Southwestern Michigan College was founded on November 19, 1964 after the voters of Cass County, Michigan approved a $1.5 million tax levy to fund a Cass County Community College. The name of the college was voted on and adopted by the board of trustees and approved in March 1965. On September 12, 1965, ground was broken for the main campus in Dowagiac, Michigan, the ground breaking was at the site of the arts building. Classes began at Southwestern Michigan College in September 1966. In April 1966 the college already had enrolled 175 students before the buildings were completed, with the expected first class to be 240 students. By August the college had passed that goal and had 295 Students enrolled. On September 11 the colleges enrollment was 335 students. The local ratio of area high school graduates attending college in Cass county changed from one of the lowest in the state to one of the highest. In its second year of operation, the college had over 800 students and was projecting enrollment by 1972 to hit 1,800 students.

The college is located three miles (5 km) outside of Dowagiac, Michigan city limits. The first president of the college was Nathan Ivey. After in taking the job, his wife, the Latin teacher in Rangely, Colorado, taught Latin class over the phone.

When the campus opened it was located on 160-acre campus.
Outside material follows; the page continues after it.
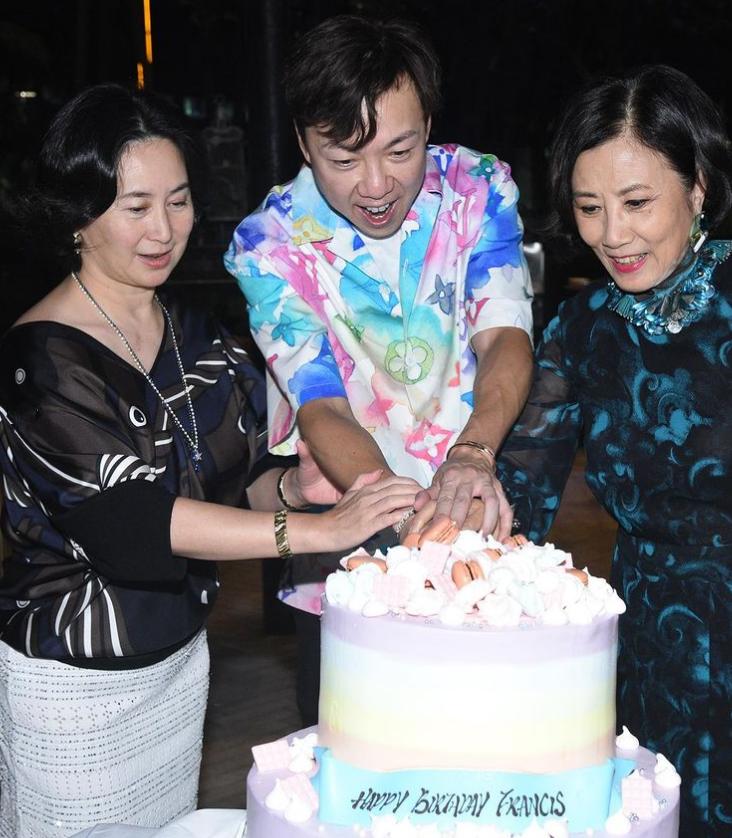 何超琼连续3年为异性好友庆生，打扮靓丽红光满面，两人深交30年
One of the first endowed scholarships given to the college was from the Nineteenth Century Club of $5,000 for an endowed scholarship for female students. Applications for the first class of students at the college were opened on July 1, 1965. The Municipal Finance Commission approved the $1.5 million bond that voters had approved, allowing the college to fund early operation and capital investment. The bond was a 28-year bond with a maximum issue of 4%.

The lowest bid on building the main buildings the new library arts and science was from Eisenhauer Construction Company of Marshall, Michigan for $675,500. After the board awarded the contract, the contractor notified the board of $100,000 error in their bid, refused to sign the contract, and asked to be released. Ed Eisenhauer asked to be released and a return of the 5% bond that had to be placed on the bid. Because of the dispute, the board had to award the contact to the second lowest bid of $739,600 from Cosnick Construction Company of Benton Harbor, Michigan. Eisenhauer Construction Company filed litigation against the college.

The state assistant superintended Ferris Crawford issued a quote saying that "Cass County Community College District has an inadequate tax bases and is in financial trouble." In just days he walked back that remark saying it "was inaccurate, taken out of context and incomplete. Southwestern Michigan College District is not in financial trouble. It has a well-founded construction plan which will be adequate for many years."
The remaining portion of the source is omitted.